= Henri-Louis Baudrier =

French bibliographer and magistrate (1815 - 1884)

Henri-Louis Baudrier (/fr/; 29 May 1815 – 17 June 1884) was a French bibliographer and magistrate, and the co-author of Bibliographie lyonnaise: recherches sur les imprimeurs, libraires, relieurs et fondeurs de lettres de Lyon au XVIe siècle par le Président Baudrier, publiées et continuées par J. Baudrier, (Note: ; "J. Baudrier" refers to Henri-Louis Baudrier's son, Julien Baudrier (1860–1915).) an encyclopaedic work published in eleven volumes between 1895 and 1914. The work focused on the bookselling and publishing industry of 16th-century Lyon, featuring entries on more than 2,000 individuals, many of whom were printers, bookbinders, and booksellers based in Lyon.

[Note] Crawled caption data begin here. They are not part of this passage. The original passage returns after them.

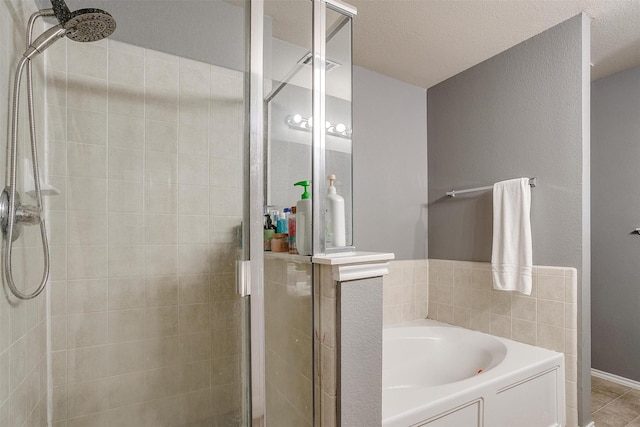 bathroom with a garden tub, visible vents, a stall shower, and a textured ceiling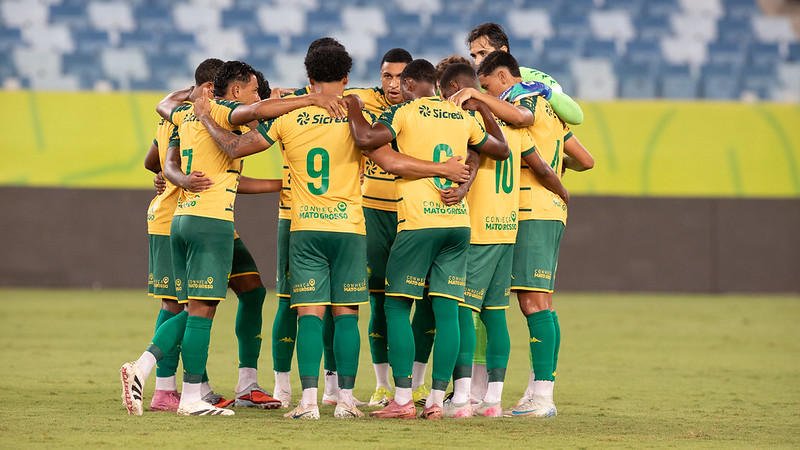 Foto do elenco do Cuiabá reunido em um círculo no centro do gramado. Os jogadores estão de costas, abraçados pelos ombros em um momento de união antes ou depois da partida. É possível ver os números 7, 9, 8 e 10 nos uniformes amarelos, além do goleiro à direita vestindo uniforme verde claro. Ao fundo, as arquibancadas do estádio estão vazias e iluminadas pelos refletores.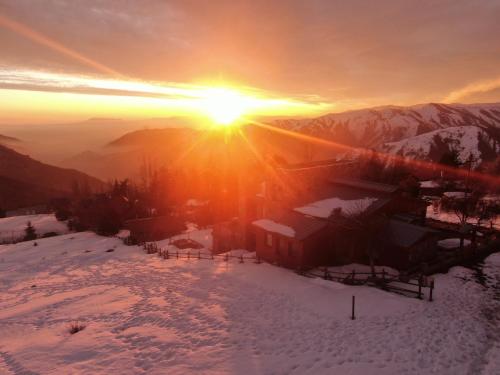 a winter sunset in the mountains with snow on the ground at Casa Farellones in Farellones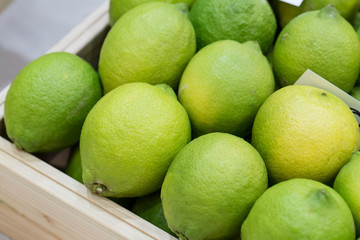Fresh ripe green limes on wooden box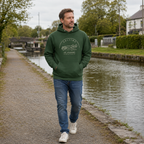 Man wearing the Kildare Sallins forest green hoodie beside the Grand Canal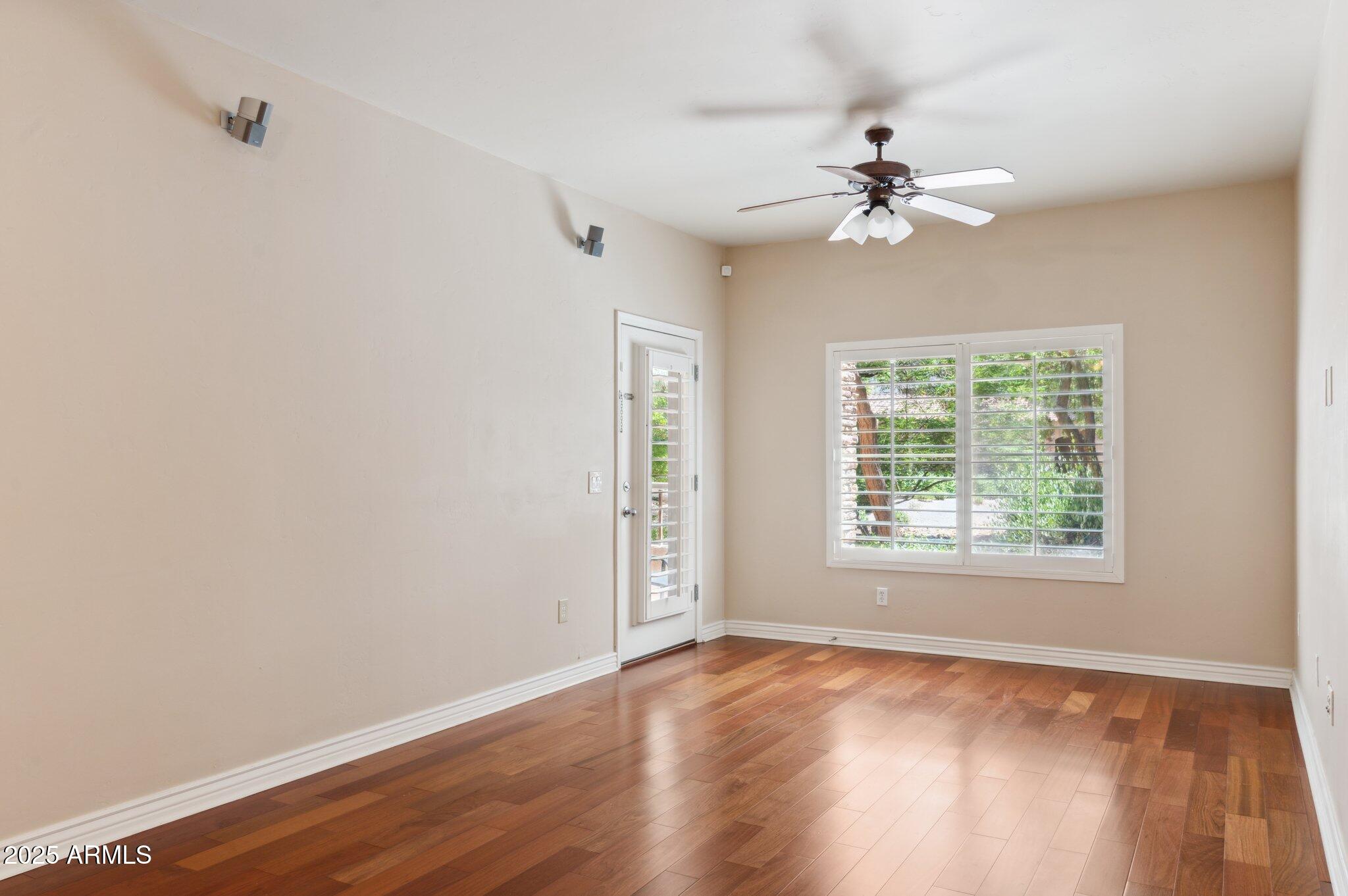 5450 East Deer Valley Drive, Unit 1214 Phoenix, AZ 85054 - Photo 6 of 35 a view of an empty room with wooden floor and a window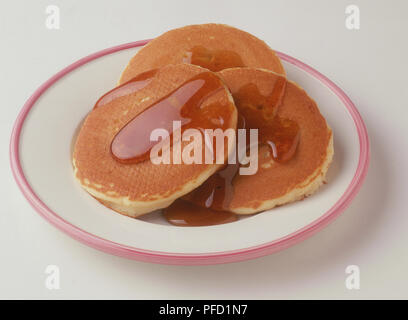 Pfannkuchen mit Ahornsirup, serviert auf einem Rosa - eingefaßte weiße Platte, hohen Winkel betrachten. Stockfoto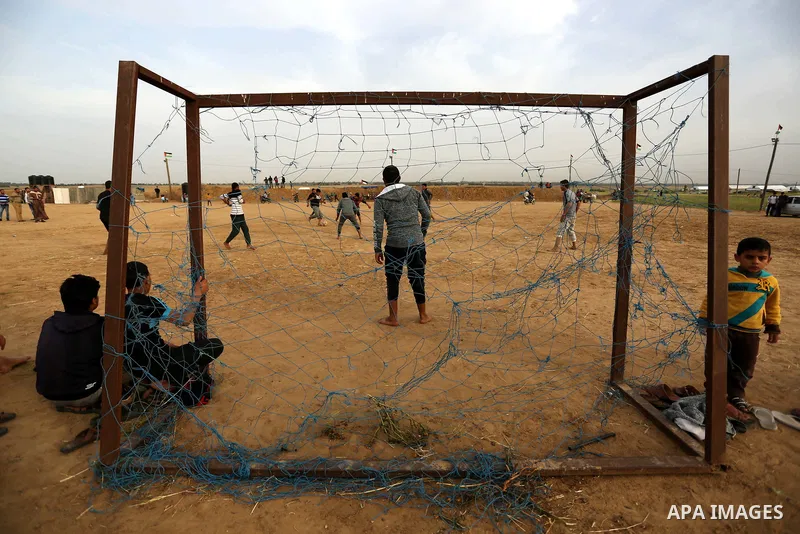 Palestinian youth play football during an event where activists set up tents near the Gaza-Israel border on the outskirts of the Khan Yunis in the southern Gaza Strip on March 28, 2018. Protesters plan to call for the ri...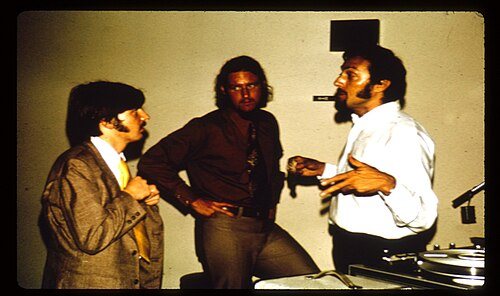 Philip Zimbardo, bearded and gesturing, talks with two young researchers next to recording equipment in 1971.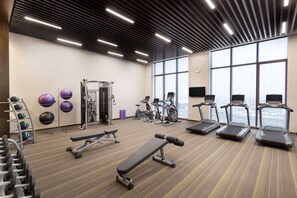 Een sportschool met loopbanden, elliptische trainers, gewichten en fitnessballen.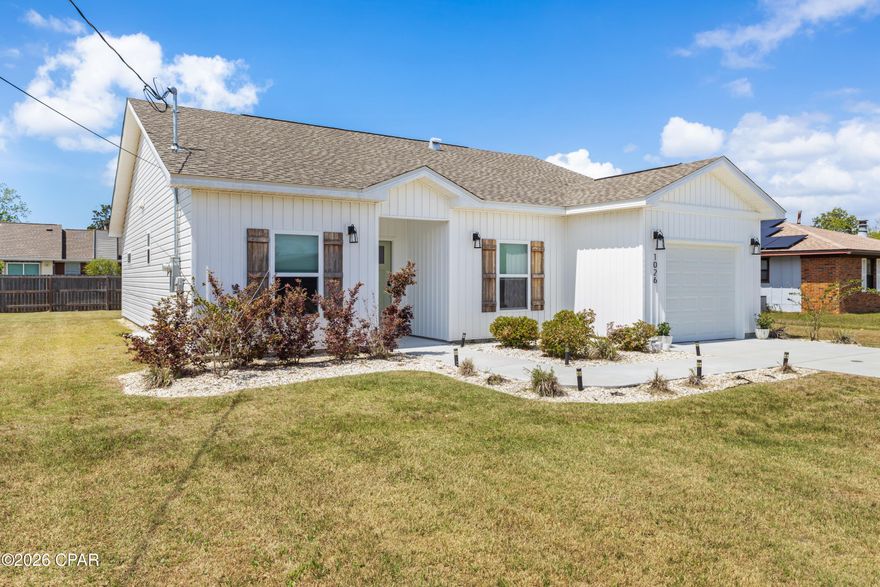 Welcome to your dream home where modern elegance meets effortless Florida living. 
This beautifully crafted 2024-built Craftsman-style residence offers the perfect blend of style, comfort, and functionality in a peaceful setting.

From the moment you arrive, the bright white exterior, charming architectural details, and fresh landscaping create an inviting first impression that feels like home.

Step inside to discover a light-filled open floor plan designed to maximize every square foot. The spacious living area flows seamlessly into a stunning kitchen featuring:
Sleek white quartz countertops
Upgraded SMART stainless-steel appliances
Abundant cabinetry for storage and style
Under cabinet lighting
ALL appliances convey - including the washer & dryer!
A home security system also conveys including front door camera, glass shatter sensors, interior motion detector, door sensors, direct link smoke alarm - all controlled with the Vivent Smart Home Panel!
Termite bait stations surround the home for peace of mind.
Elegant tray ceilings in both the living room and primary suite add a touch of sophistication, while durable luxury vinyl plank flooring brings beauty and practicality throughout the home.

The thoughtfully designed layout includes 3 bedrooms and 2 full bathrooms, offering comfortable living for families, guests, or even a home office setup. The primary suite provides a relaxing retreat with generous space, huge walk-in closet and refined finishes.

Outside, enjoy a covered entry and a  patio area out back - perfect for morning coffee or unwinding in the evenings. The comfortably sized lot gives you flexibility and freedom to create your back yard oasis, with plenty of room for a boat, RV, or additional outdoor features - and best of all, no HOA restrictions.

Additional highlights include:
Low-maintenance, energy-efficient new construction
No flood insurance required!
Convenient location just minutes from Tyndall Air Force Base, shopping, dining and schools.

This home delivers the rare combination of modern finishes, smart design, and everyday convenience - all wrapped into one MOVE-IN READY package!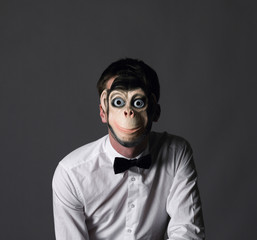 a man wearing a monkey mask in a white shirt and bow tie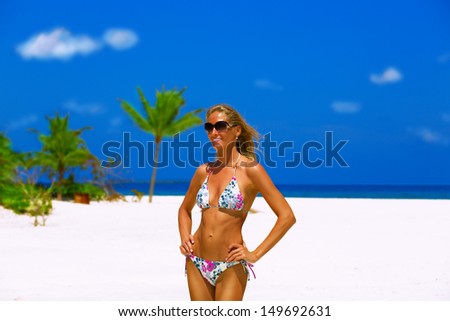 Beautiful bikini model with well shaped body posing on tropical beach at Maldives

Born into a family of magistrates in Lyon, Baudrier embarked on his judicial career in 1846 as a substitute judge, though he was dismissed just two years later. By 1849, he had been reinstated as a magistrate, eventually rising to the position of Court Counsellor (conseiller à la Cour) in 1856 and President of the Chamber (président de chambre) in 1869.

A bibliophile and avid book collector, Baudrier amassed a library of more than 8,000 volumes, primarily composed of 15th and 16th-century Lyonnais imprints. He died in Paris in 1884.